Made from Dark Creek goat milk

One of my Christmas presents was a gorgeous cheese press made by the oh-so-clever Toryn (it is SO handy to know a machinist!). To make sure the prototype worked, Dani and Toryn tested it by making a batch of cheddar with my stockpile of frozen milk. I had no idea what they were up to (I confess I was taking it easy in Hawaii at the time).

Unlike soft cheeses like chevre, mozarrella, or ricotta (which are most excellent for those short on patience), hard cheeses take their time maturing, so it was a full 8 weeks later before we could test their experiment! It was definitely worth the wait! The cheese is tasty, a little drier than I’d expect in a cheddar with a distinct, slightly sharp flavour. It’s delicious! Given how long we had to wait to taste it, I’ve been trying to pace myself and not gobble it up. This is proving difficult as it’s just so good  – with crackers, on toast, by itself… Plans are afoot to  try several more recipes as soon as Dani gets back from school. Feta, gouda, and parmesan are all on the list to try.

My new cheese press is a work of art, is it not? It also makes a fine wheel of cheese.

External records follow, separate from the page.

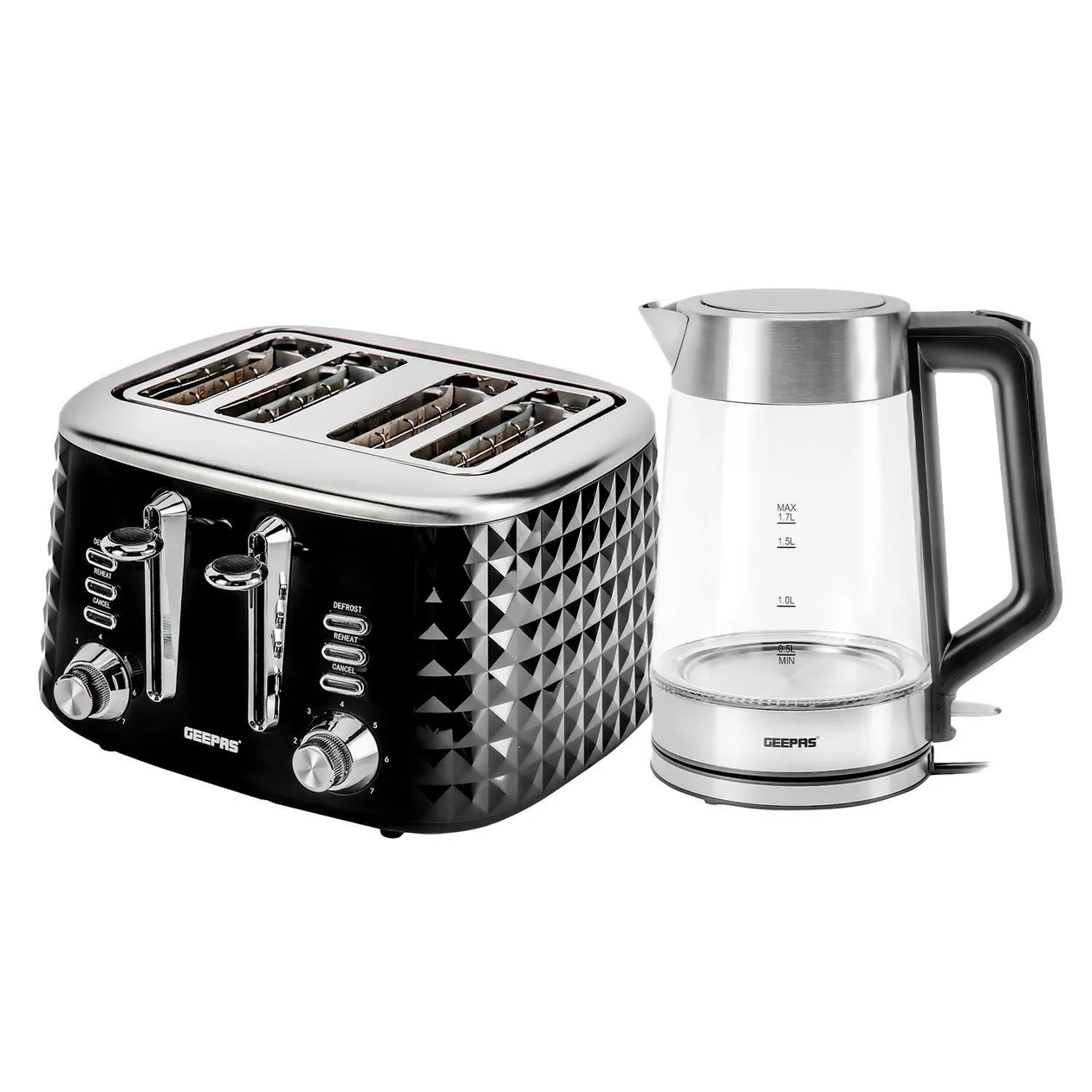 4 Slice Bread Toaster & 1.7L Illuminating Electric Glass Kettle Set: the shop's own photo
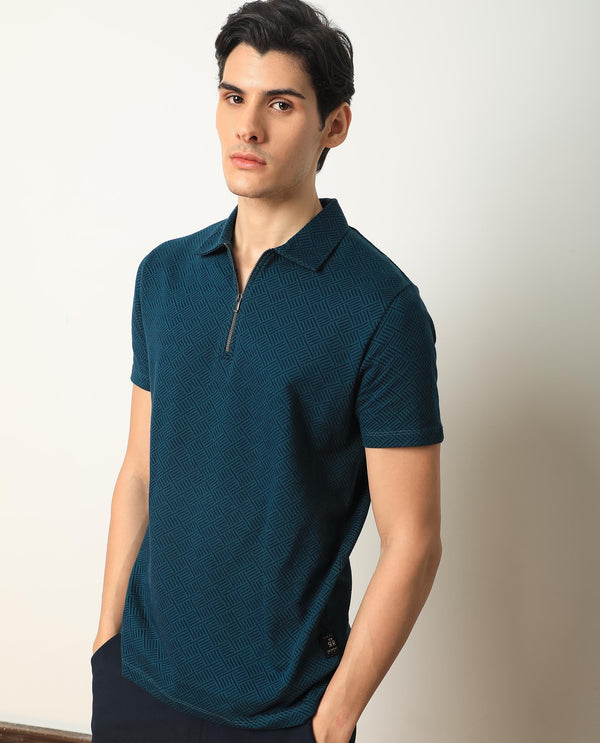 Rare Rabbit Men's Cabetta Navy Cotton Fabric Collared Neck Zipper Closure Half Sleeves Jacquard Polo T-Shirt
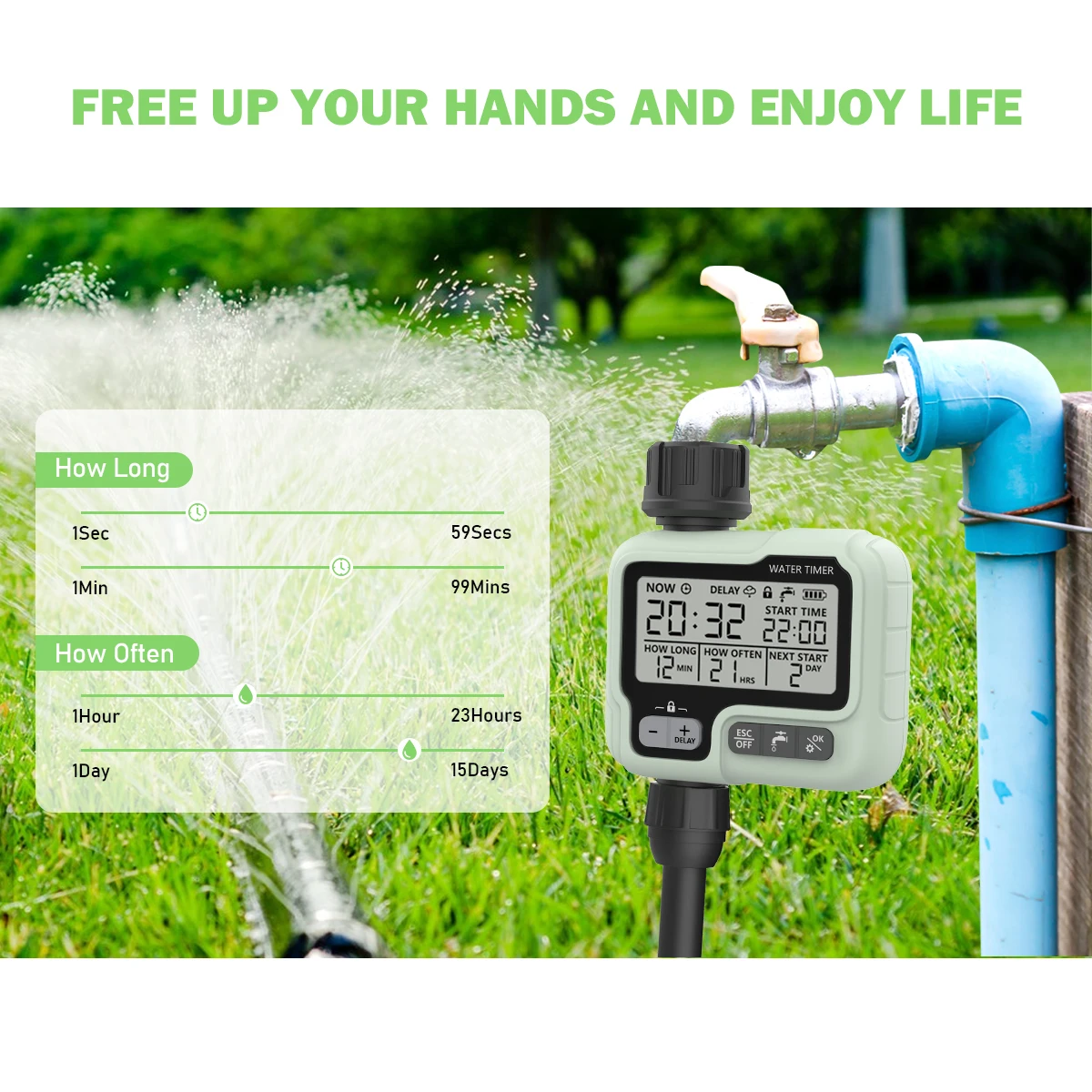 Eshico HCT-322 Automatischer Wassertimer, digitale Gartenbewässerungsmaschine, intelligenter Sprinkler für den Außenbereich, um Wasser und Zeit zu sparen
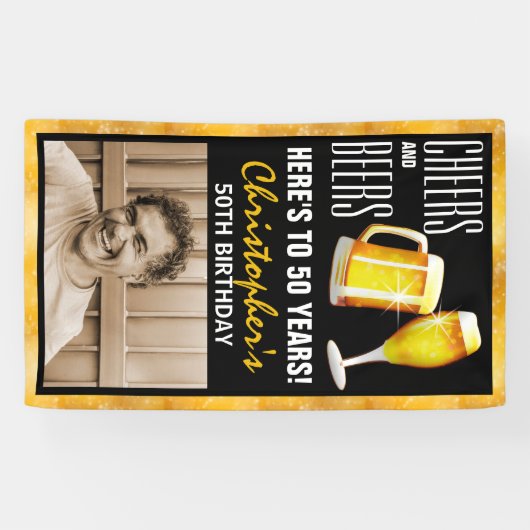 応援モダン&ビアーフォトバースデーパーティードア 横断幕 (横)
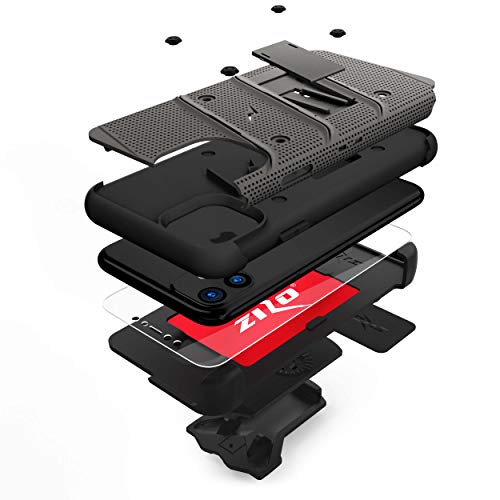 Zizo Bolt Cover - Case for iPhone 11 with Military Grade + Glass Screen Protector & Kickstand and Holster (Metal Gray/Black) 3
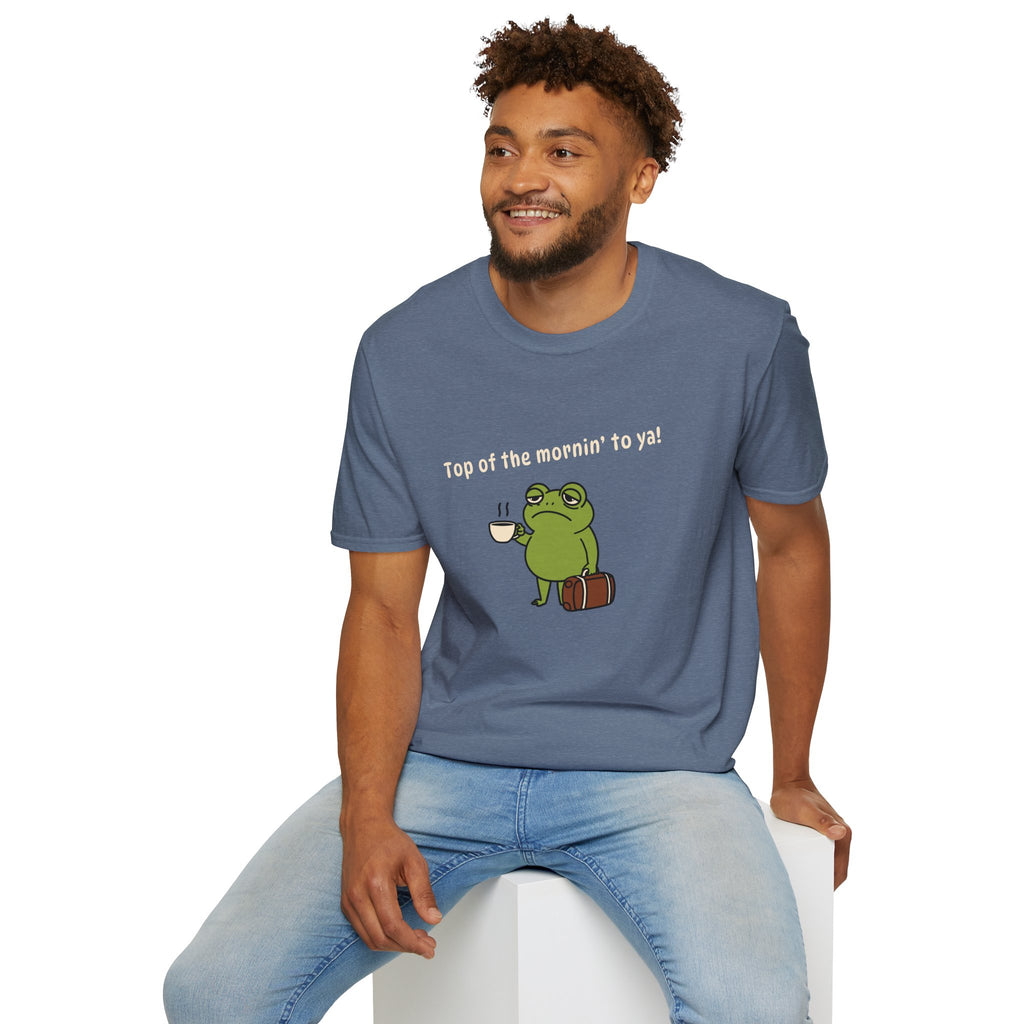 "Top of the mornin' to ya!" Frog Coffee Graphic Tee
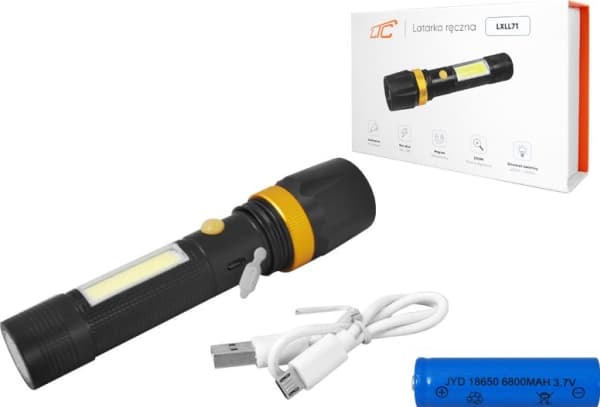 LTC LTC flashlight COB LED handheld flashlight 6W/3W battery 6800mAh, mini USB charging NEW.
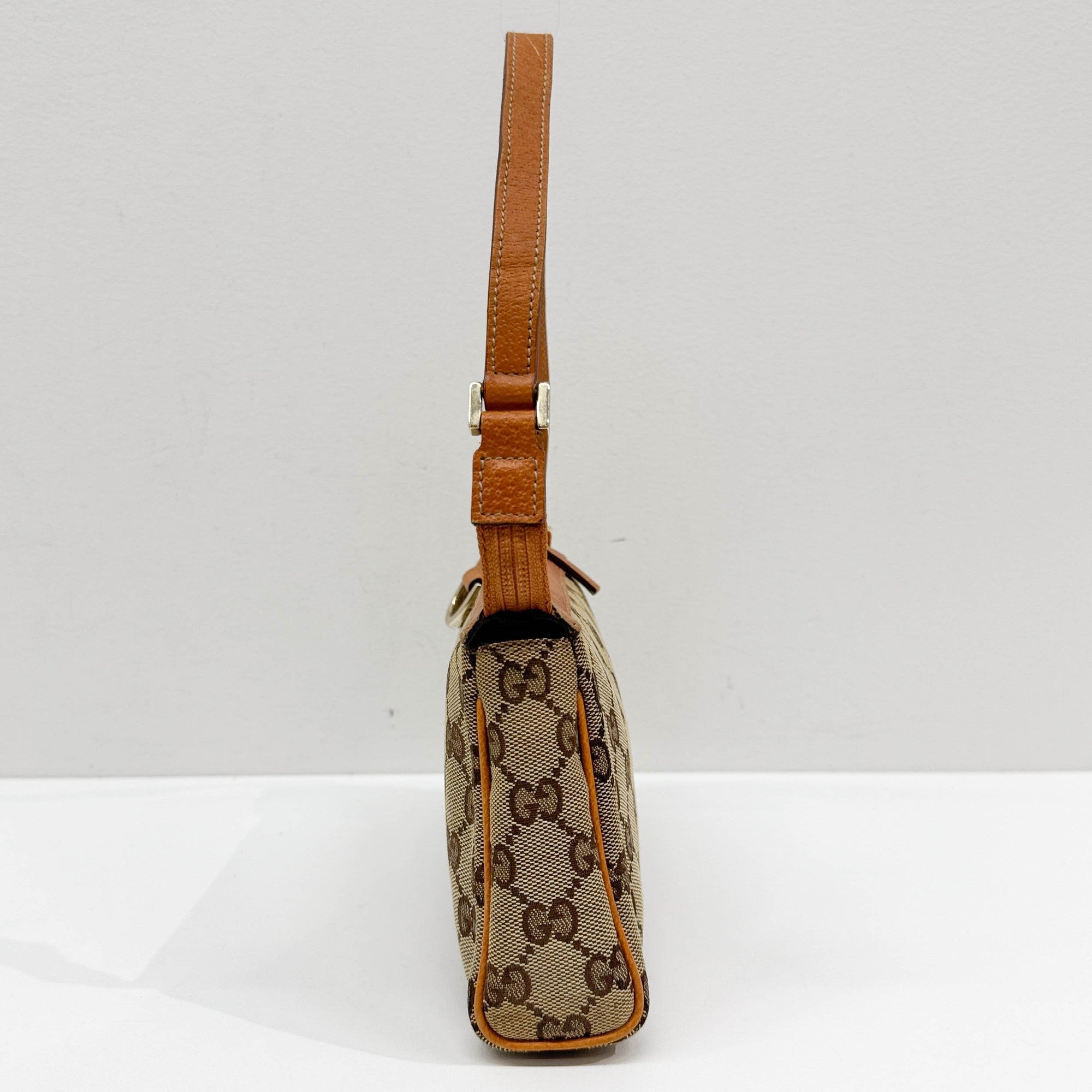 Tan GG Canvas Shoulder Bag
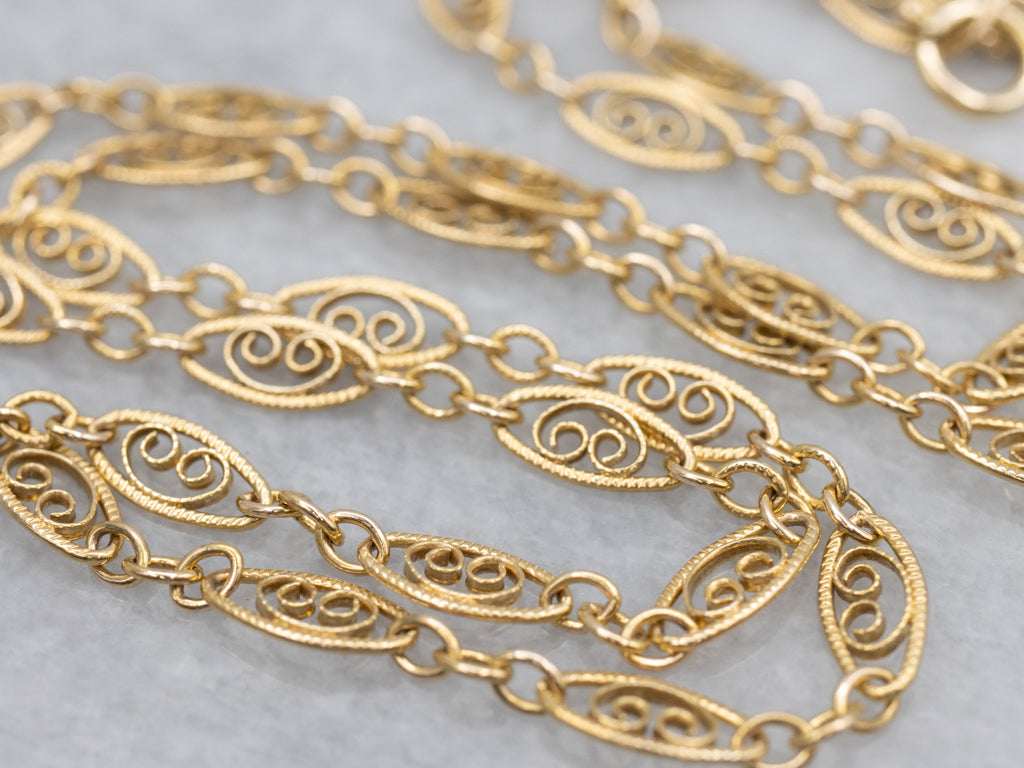 Yellow Gold Oval Filigree Link Chain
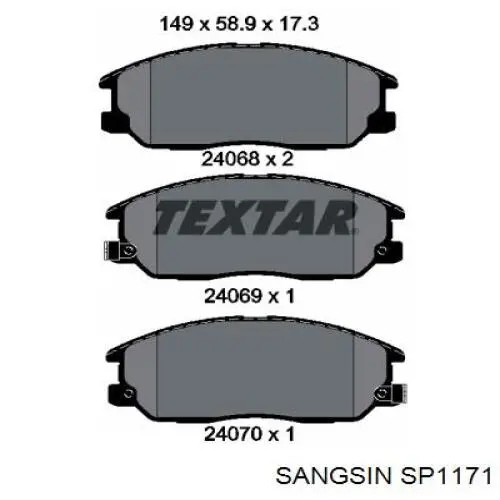 SP1171 Sangsin pastillas de freno delanteras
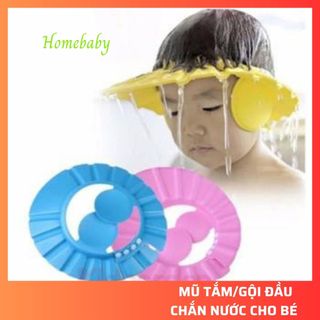 Mũ đội đầu tắm cho bé chắn nước, mũ tắm gội đầu chắn nước cho bé, nón tắm có bịt tai cho bé, làm nón đội cắt tóc cho bé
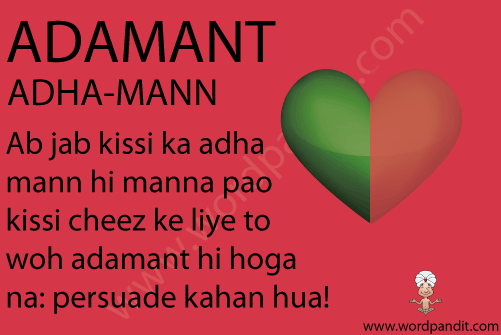 meaning of adamant in hindi and english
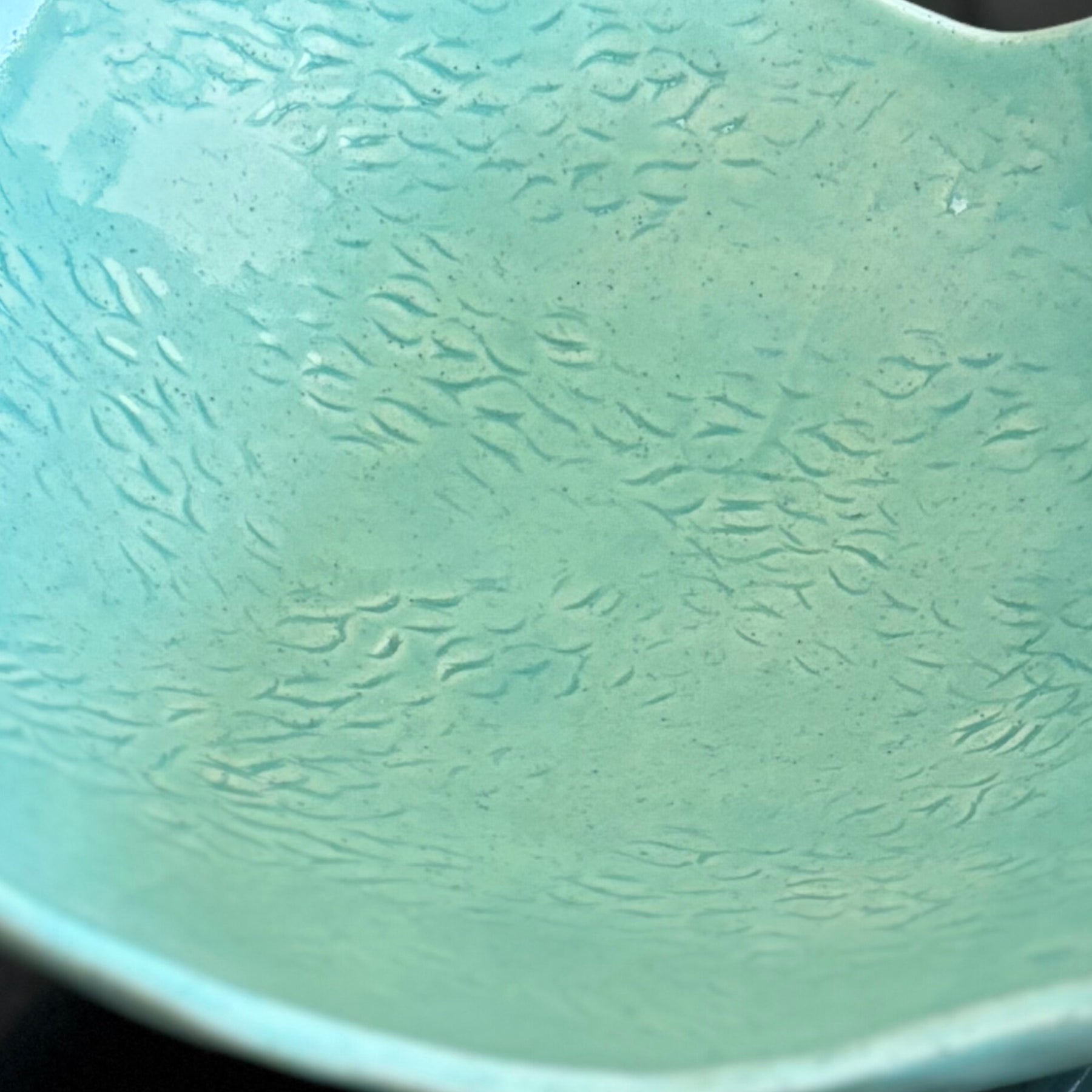 Handmade Ceramic Fruit Bowl – Turquoise Speckled Stoneware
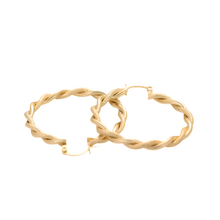 Load image into Gallery viewer, 14 K Gold plated twisted hoops earrings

Meanwhile, I am reading the books I got for Christmas. Here’s my current reading list:

The Joy of Cheesemaking: The Ultimate Guide to Understanding, Making, and Eating Fine Cheese, by Jody M. Farnham and Marc Druart

Home Cheese Making: Recipes for 75 Homemade Cheeses, by Ricki Carroll

I already had this one:

Making Great Cheese at Home: 30 Simple Recipes from Cheddar to Chevre, by Barbara Ciletti

and there are a few recipes in my goat-keeping books as well, so that should keep me busy while I await my cheese-making partner’s return!